So I’ve done this a few times, but always with a 1:1 disk size. I always used Clonezilla to write the image onto the new laptop.
But this time I was
going cheap selecting a more appropriate SSD for my wife’s laptop. So here are some quick notes on what I had to do to get it to work.
So the challenge: take out a 512GB HDD and replace it with a 256GB SSD on a UEFI boot system (Windows 8.1) on an ASUS S500C. And there is no CD/DVD drive, so bootable USB drives were required. Just to make it more interesting, there were other partitions present at the end of the HDD (some Clonezilla posts about using advanced mode to ignore disk sizes etc didn’t work for me).
Step 1: What you’ll need:
Firstly, a portable USB drive (preferably USB 3.0) that can hold the image. One USB stick which holds a bootable image of Clonezilla (http://clonezilla.org/downloads/download.php?branch=alternative, iso) and the other with GParted (http://gparted.org/download.php, iso). Burn as bootable USB images with Rufus (https://rufus.akeo.ie/).
Step 2: Back it up with Clonezilla. If you stuff it up, you’ve got an exit strategy (there was no way I was going to tell my missus her laptop was stuffed). So the laptop was using Windows 8.1 with a UEFI boot which means you can’t boot without going through the following process.
Go to the update and recovery screen (you can find it by doing a search on “UEFI”):
Select “Advanced startup”, then “Troubleshoot”, “UEFI Firmware Settings”, then “Restart” when you see the option.
Then you’ll reboot and the you’ll see the bios appear. You’ll need to change the boot order to show the Clonezilla USB first.
Then you’ll see Clonezilla and back-up your entire HDD onto the USB drive (beginner mode was fine for me).
Step 2: Run GParted. So you need to make all of this fit into the smaller drive.
Change the USB stick and repeat the UEFI boot sequence from above and boot into GParted.
This process will be different for each environment. What I had was a large useless partition /dev/sda6 (“D” drive). This has nothing in it, so I deleted this partition.
This left an “Restore” partition way on the right which then had to be moved to the left to fit it against /dev/sda5. But you may have to move/resize your own partitions as appropriate.
Ensure the new size all fits into the new SSD size. Things won’t work unless you do 🙂
Step 3: Clone this image on to the USB drive with Clonezilla.
If all goes well, you’ll be able to reboot back into Windows and then repeat the back-up process and create a new Clonezilla image.
Step 3: Modify Clonezilla’s parted file
In the new image, go to the parted file which was called sda-pt.parted for me.
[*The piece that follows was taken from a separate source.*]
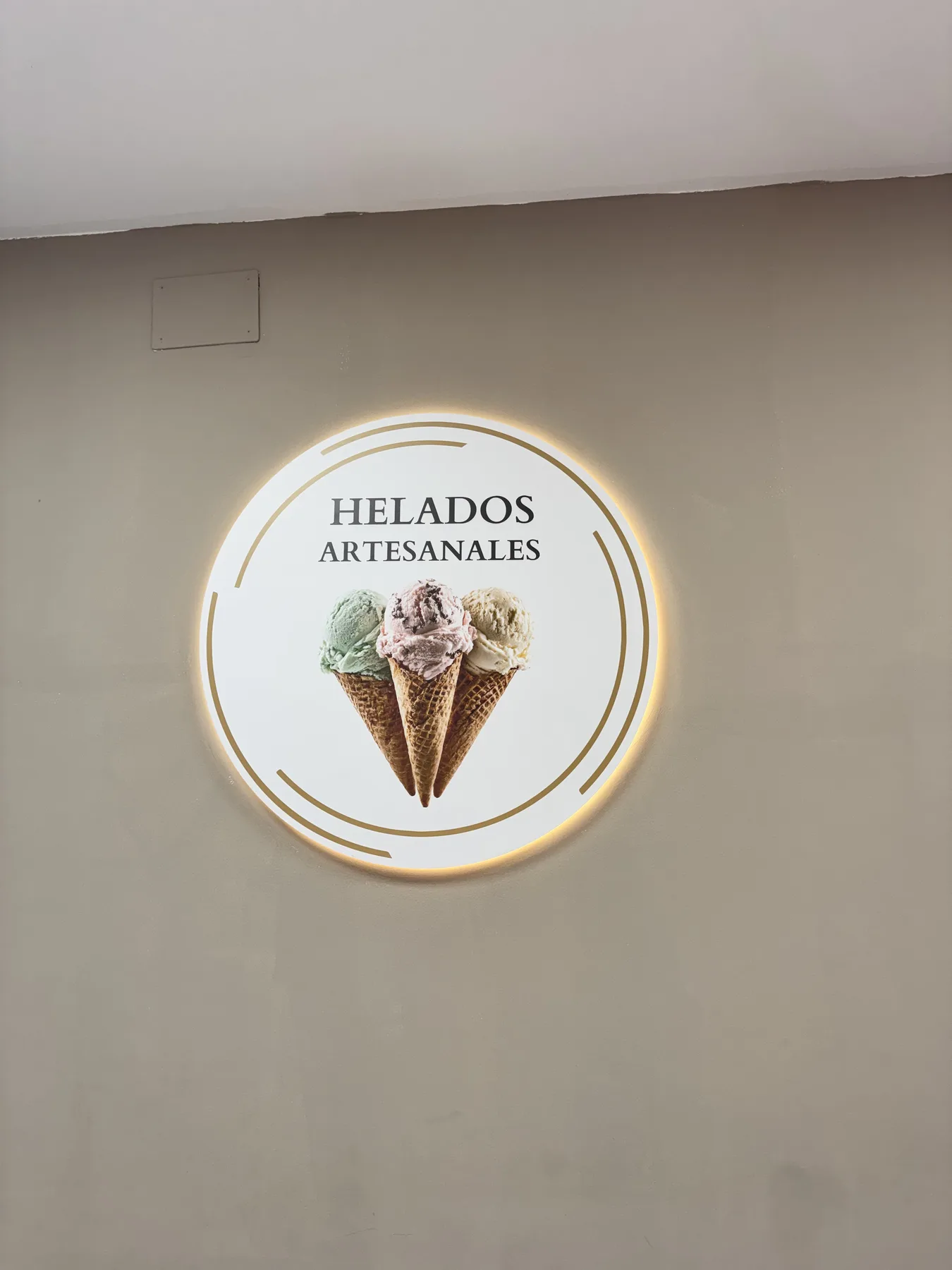 Rótulo Helados Artesanales Opencandy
It showed the following in my system:
Model: ATA Hitachi HTS54505 (scsi)
Disk /dev/sda: 976773168s
Sector size (logical/physical): 512B/4096B
Partition Table: gptNumber Start End Size File system Name Flags
1 2048s 616447s 614400s fat32 EFI system partition boot
2 616448s 2459647s 1843200s ntfs Basic data partition hidden, diag
3 2459648s 2721791s 262144s Microsoft reserved partition msftres
4 2721792s 392714239s 389992448s ntfs Basic data partition msftdata
5 392714240s 393431039s 716800s ntfs hidden, diag
7 393431040s 435394559s 41963520s ntfs Basic data partition hidden, diag
Back this file up and change the disk size. In my case I just took 976773168 and divided by 2 (multiply by 512 to get the number of bytes on the disk)
Do another sanity check and make sure the last sector is smaller than the sector size you’ve selected.
Step 4: The exciting bit. Pull your laptop apart and replace the HDD with the SDD.
So time to get out the jeweler’s screwdriver and pull the laptop apart by removing the 10 or so screws. There were two different sizes, so be careful to note where they go.
Pull the HDD out and its little bracket. Put the new SDD in and replace the cover. If you’re feeling confident, put all of the screws back in 🙂
Step 5: Burn the new Clonezilla image onto this new drive.
So put the Clonezilla USB stick back in and this should be picked up automatically when you boot. Put the USB drive in and burn the new image that you’ve been playing around with (I used Clonezilla beginner mode). Hopefully there’ll be no complaints from Clonezilla.
Step 6: Reboot and enjoy the faster performance 🙂
All this took a few hours – the backup/restore and the GParted partition writes take some time. And of course mucking around with the partitions in GParted is “fiddly”.